London (AFP) – A concussion expert told British lawmakers on Tuesday that football’s management of head injuries was a “shambles” at the beginning of a parliamentary inquiry into the issue.

Consultant neuropathologist Willie Stewart was speaking to MPs on the House of Commons Digital, Culture, Media and Sport committee.

A 2019 study led by Stewart found that professional footballers were three-and-a-half times more likely to die from neurodegenerative disease compared with members of the general population.

He also examined the brain of English World Cup winner Nobby Stiles following his death in October and concluded that Stiles had been suffering from CTE (chronic traumatic encephalopathy), which is only found in people with a history of repetitive head trauma.

Football’s lawmakers, the International Football Association Board, have approved trials of permanent concussion substitutes and the Premier League is experimenting with the new rule.

But Stewart criticised football’s approach, saying it should have followed rugby’s model, in which temporary substitutes come on while a player’s head injury is assessed.

“Football has a habit, whenever it is forced to develop, of going out on their own and trying to develop something unique to everybody else as if the problem never occurred before,” he said.

“What football has introduced is a shambles in 2021.”

Asked whether temporary substitutions were preferable, Stewart added: “Unquestionably.
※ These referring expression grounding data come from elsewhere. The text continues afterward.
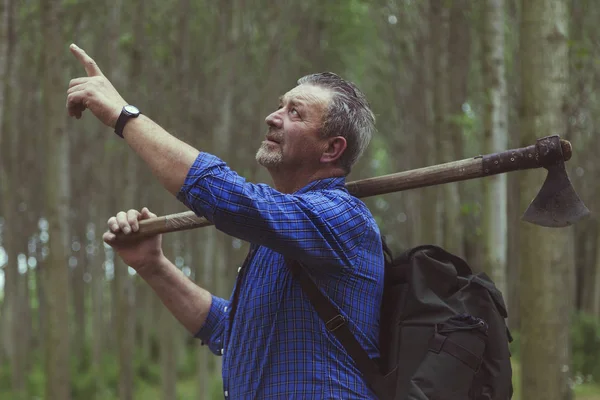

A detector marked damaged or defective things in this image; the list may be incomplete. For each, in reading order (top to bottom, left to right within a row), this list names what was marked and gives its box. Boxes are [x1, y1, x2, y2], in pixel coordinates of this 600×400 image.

rusty axe head [520, 136, 592, 227]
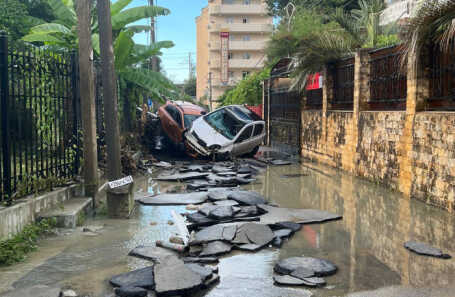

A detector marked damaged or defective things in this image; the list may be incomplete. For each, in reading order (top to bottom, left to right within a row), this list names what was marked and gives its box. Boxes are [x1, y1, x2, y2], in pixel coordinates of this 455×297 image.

damaged car [158, 100, 206, 150]
damaged car [183, 104, 266, 158]
overturned vehicle [183, 104, 266, 158]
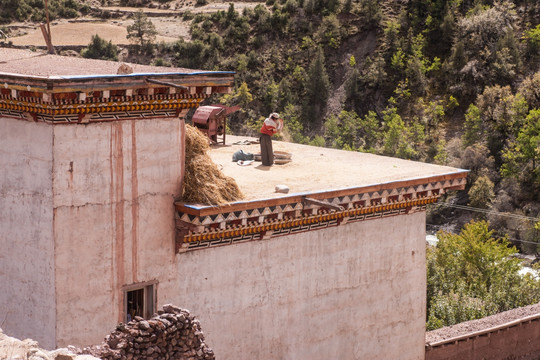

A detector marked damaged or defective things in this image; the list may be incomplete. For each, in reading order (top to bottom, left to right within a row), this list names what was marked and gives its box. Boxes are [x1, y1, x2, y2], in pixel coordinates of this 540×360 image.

broken wall section [78, 304, 215, 360]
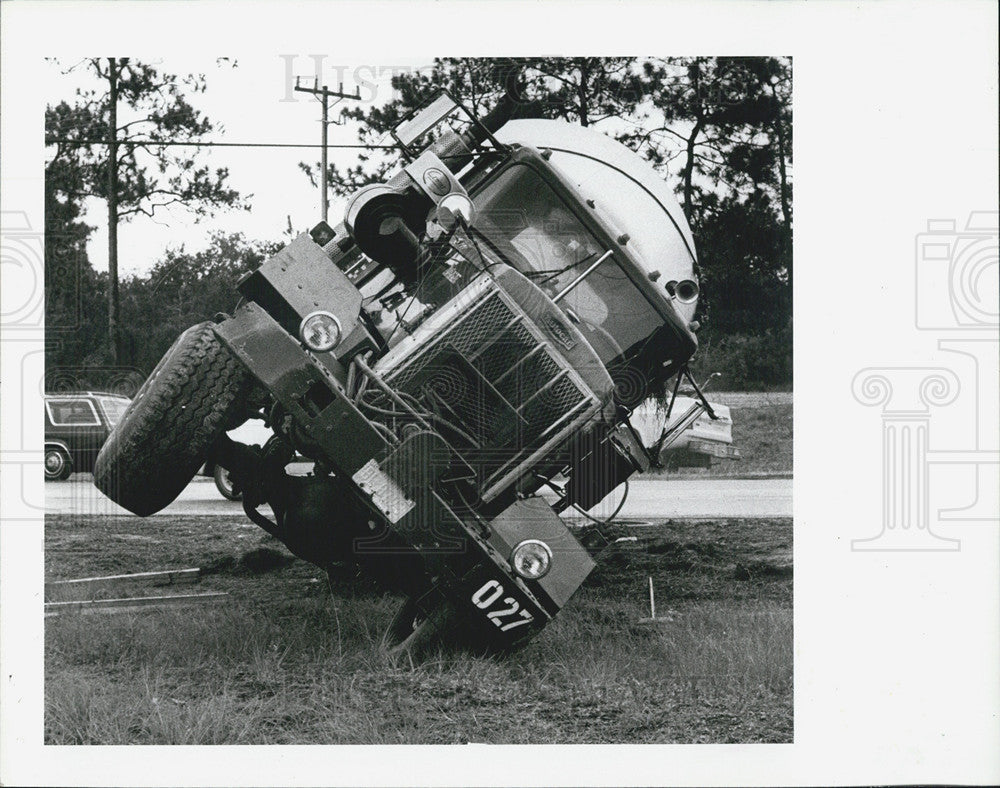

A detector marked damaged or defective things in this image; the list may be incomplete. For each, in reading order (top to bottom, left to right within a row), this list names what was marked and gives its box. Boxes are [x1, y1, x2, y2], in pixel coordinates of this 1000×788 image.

overturned truck [94, 86, 716, 656]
Rugby has made great developments in understanding how you can assess and identify players with brain injury on the field, and that should be the model and the benchmark that (other) sports start from.

“They shouldn’t be starting with a blank page and drawing up a protocol, they should just be saying ‘how do we make that happen in football?'”

– Legal case –

Rugby is also wrestling with the issue of head injuries.

A group of former professional players, including England’s World Cup-winning hooker Steve Thompson, are involved in a legal case against a number of governing bodies after being diagnosed with neurological conditions.

Stewart said rugby could be made safer even though it was a contact and collision sport.

“I know a lot of people who work within rugby at a national and international level on the medical side and the performance side who are wrestling with this issue,” he said.

“On the one hand, the global business, the industry, there is a revelling in the collisions and the contact, but it’s doing a lot of damage to young men and women so they are desperately trying to find a solution.”

Stewart said head impacts were probably leading to long-lasting brain injuries in athletes across a range of sports but that it would be a “virtual impossibility” to prove it beyond reasonable doubt.

“We take the position that the only thing that connects football to American football to boxing to rugby to wrestling to other sports where we have seen this pathology is head impact and head injury exposure,” he said.

“There must be something else because people can have exposure to head injury, people can play the sport the same way and don’t develop problems, there must be other things contributing to it, but the one common factor is this head injury.

“To prove it beyond a reasonable doubt as opposed to on the balance of probabilities is a virtual impossibility because the exposure is in their 20s and the outcome is 30, 40 years later.”